In this post, we’ll cover the core UX principles in AR design to follow, as well as some best practices.
The core UX principles in Augmented Reality design
The environment is at the cornerstone of AR interactions. It’s the “screen equivalent” in Augmented Reality design, forming the backdrop for all user interactions.
It’s also a dynamic, changing space that will never be the same for two users. There are some key divisions however, that you can use as dividers:
- Intimate space. This is the space approximately 50cm in front of a person’s body. Face filters occupy the intimate space.
- Personal space. Personal space encompasses 1m around the user. This involves virtual objects in the user’s hands and potentially another person standing nearby.
- Social space. Social space encompasses 4m around the person and will generally involve objects/surfaces in a room, other people, furniture, etc.
- Public space. Public space occupies 7m or more, involves multiple people (even if they’re not directly interacting with the software), and is usually reserved for location-specific experiences (i.e., museum exhibits).
Movement is the next of the core UX principles in AR design, and it’s another fairly unique one.
In AR software, the user can move in 3D space. This allows virtual objects to be anchored to 3D objects rather than a typical 2D plane.
The balancing act with movement in AR is to guide the user from one UI element to the next without choosing where to go for them. This means predicting where they will move and designing the UI path around these predictions.

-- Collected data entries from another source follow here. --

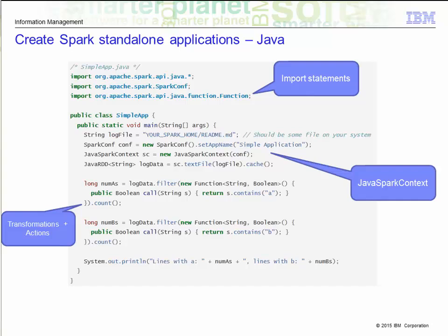Similar to Scala and Python, in Java you need to get a JavaSparkContext. RDDs are represented by JavaRDD. Then you run the transformations and actions on them. The Lambda expressions of Java 8 allow you to concisely write functions. Otherwise, you can use the classes in the org.apache.spark.api.java function package for all versions of Java. The business logic is the same as the previous two examples to count the number of A's and B's from the readme file — just a matter of difference in syntax and library names.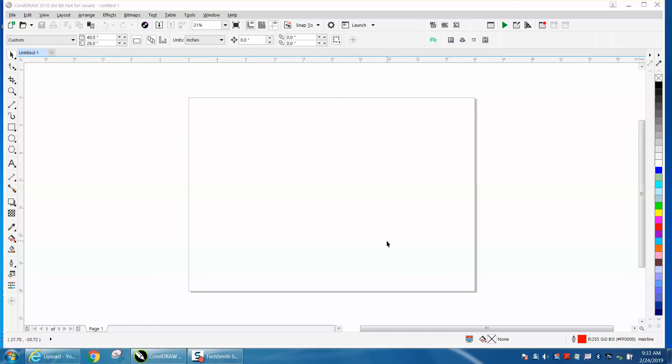Hi, it's me again with CorelDraw Tips and Tricks. Today's video is going to be about something I've done a video kind of like this before, but not all together.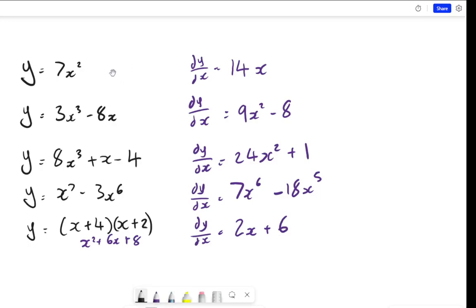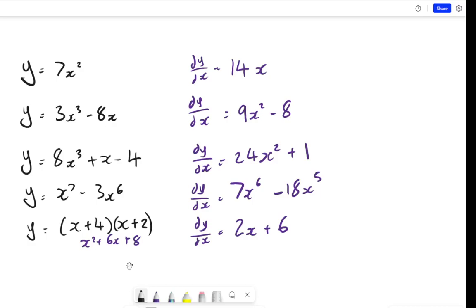Let me know how you got on with those questions in the comments. If some of those don't make sense, definitely let me know and I'll try to explain them. In the next video I'm going to go on to how we actually find the gradient of points — how do we sub in the x-coordinate to find the gradient value — and how we apply this to different contexts such as stationary points, tangents to the curve, and other things like that.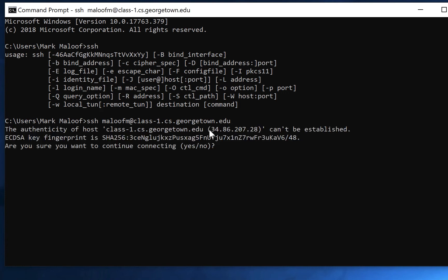The first time you connect to a server, it stores the fingerprint of that machine in a directory on your laptop. This keeps track of the machines that you've connected to before, and there are also some security things going on behind the scenes with these fingerprints. So if you know that you want to connect to this machine, you can type yes. You'll never see this message again unless something changes.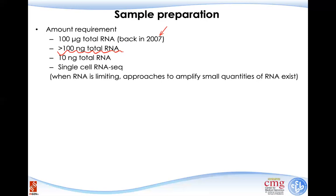If you have 100 nanograms of total RNA, you should be in good shape. But sometimes you're working on a very small proportion of a cell type and can only get a very small amount from each animal or study. In that case, we can work with as little as 10 nanograms of total RNA using a different protocol, or even lower — down to single-cell RNA sequencing, which is a much more sensitive experiment.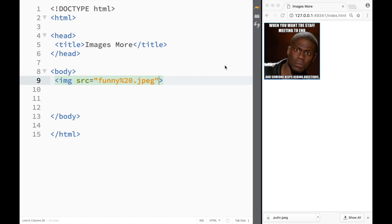What is going on guys and welcome to HTML in brackets tutorial. In this video I want to talk about images and more specifically about attributes that image elements would have.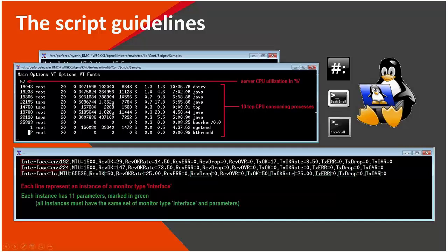As you can see, we have three lines in here, which means this execution of the script will actually cause the KM to introduce three different instances. All of them are of a monitor type called interface. All of them also have the same set of parameters.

Next up is one of the more challenging UX principles in Augmented Reality design: onboarding. Onboarding is the process of getting a user familiar with, and educated on, how your AR software works. Since Augmented Reality is so new, you’ll be doing most of the heavy lifting here yourself.
Many users who will be interacting with your AR app will be having their first-ever Augmented Reality experience. No pressure, eh?
With this in mind, usability should be a top priority, ahead even of technical proficiency and accuracy.
Interaction involves any kind of action a user takes with your software. That includes moving around, tapping the screen, gesturing, placing virtual objects, etc.
Interaction in augmented reality apps, fortunately, has a lot of overlap with traditional software paradigms. One of the key differences to remember, though, is that UI elements might be very near or very far from the user. The user might also have just one or no hands to interact with the screen with. Accommodating these challenges is a must.
Last but not least, UI is the physical screen that the user is interacting with. That will most often be a smartphone screen or, in the future, some kind of Augmented Reality headset.
It’s important to remember that while the digital Augmented Reality environment is more engaging and immersive, it’s the UI environment that will be hosting the actual interactions. The screen is your mouse and keyboard, not the user’s bedroom. Focus on making this experience seamless, and the rest is to follow.
Use UX principles in Augmented Reality design to give the structure of your virtual experience
Diving into Augmented Reality development can be a monumental task for developers. There are so many technical aspects to learn that the design elements might seem secondary. AR is already improving worker performance according to Harvard Review.
By keeping these UX principles at the forefront of your Augmented Reality design process, you can give structure and focus to your development process. They’ll guide you as well as your users to the right result.